A 16-year old girl from a remote village in Sri Lanka is described.
Case presentation
She was referred from the Paediatric Cardiology Unit to the University Unit of Lady Ridgeway Hospital for Children (LRH) for further evaluation of jaundice. She was the only child born to non consanguineous healthy parents and was well till 14 years of age, when she sought medical advice from the local hospital for exertional dyspnoea. At presentation to the local hospital she was detected to have central cyanosis and clubbing but otherwise clinically normal. Her haemoglobin was 18 g/dl and the packed cell volume was 54%. Her platelet count was 73 × 109/l and SpO2 82%. The echocardiogramme revealed a pulmonary arteriovenous malformation (AVM). The ultra sound scan (USS) of the abdomen showed a normal liver and no splenomegaly.

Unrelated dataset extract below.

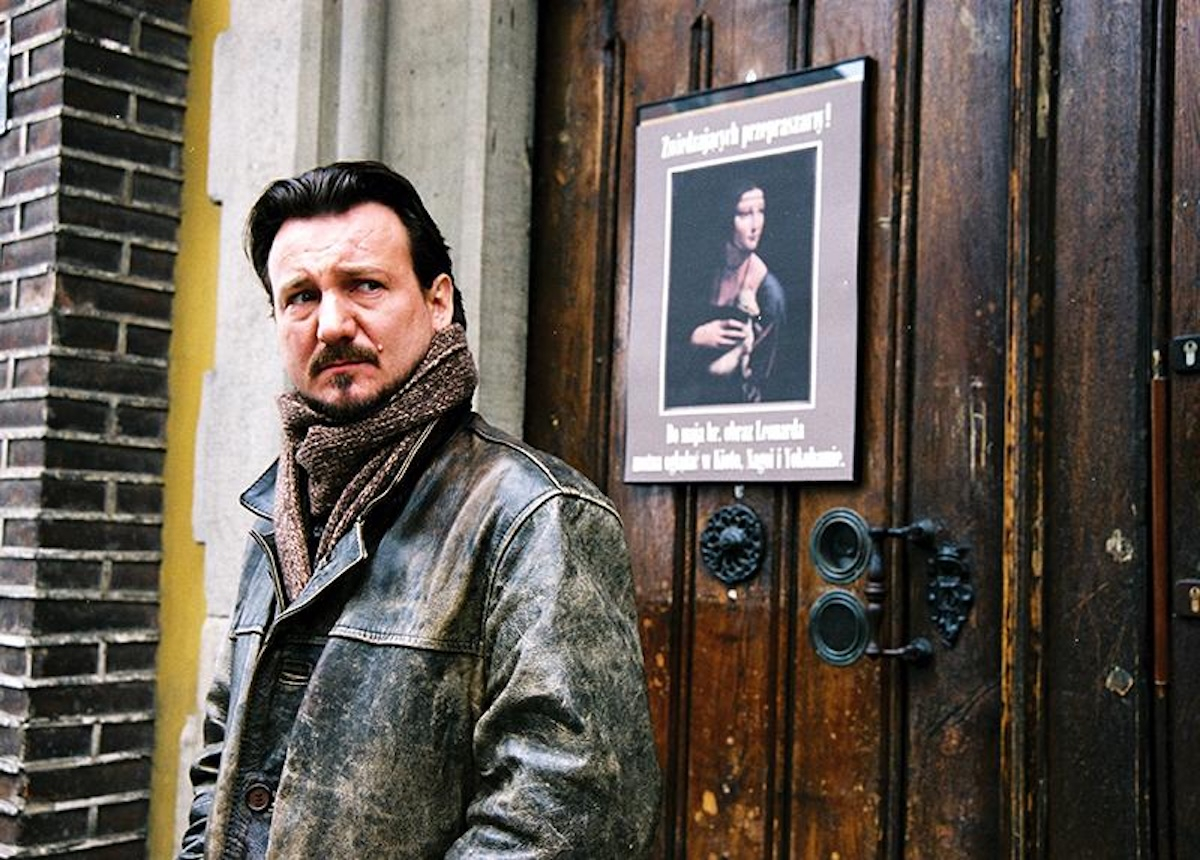 Robert Więckiewicz w filmie „Vinci” z 2004 roku stoi na ulicy, obok drzwi z plakatem.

She was referred to the cardiology unit of LRH for further evaluation. At LRH contrast echocardiogramme was performed which showed evidence of pulmonary arteriovenous fistula. The finding at cardiac catheterization was compatible with bilateral diffuse pulmonary AVMs. Due to the diffuse nature of the pulmonary AVM she was managed conservatively.
Two years later, at the age of 16 years she developed spontaneous recurrent epistaxis. She was also noted to have jaundice. Examination revealed deep jaundice, plethora, central cyanosis and clubbing. There were no other peripheral stigmata of chronic liver disease. She had coarse facial appearance. There was no cutaneous telangiectasia. Abdominal examination revealed a firm hepatomegaly of two cm, but no splenomegaly or ascites. Rest of the abdominal examination was normal. Cardiovascular system examination revealed a systolic murmur best heard over the pulmonary area. Blood pressure was normal. Rest of the examination including respiratory system and central nervous systems were clinically normal. Ultra sound scan examination of abdomen at sixteen years revealed heterogeneous linear (Liver) echo texture, increased peri portal echogenicity with splenomegaly and varices compatible with chronic liver disease and early portal hypertension. A focal lesion was seen in segment Vl of the liver. Magnetic resonance imaging (MRI) revealed a dilated splenic vein draining separately through the diaphragmatic hiatus between the inferior vena cava and the aorta possibly into the superior vena cava through the azygous vein. She continued to be managed conservatively.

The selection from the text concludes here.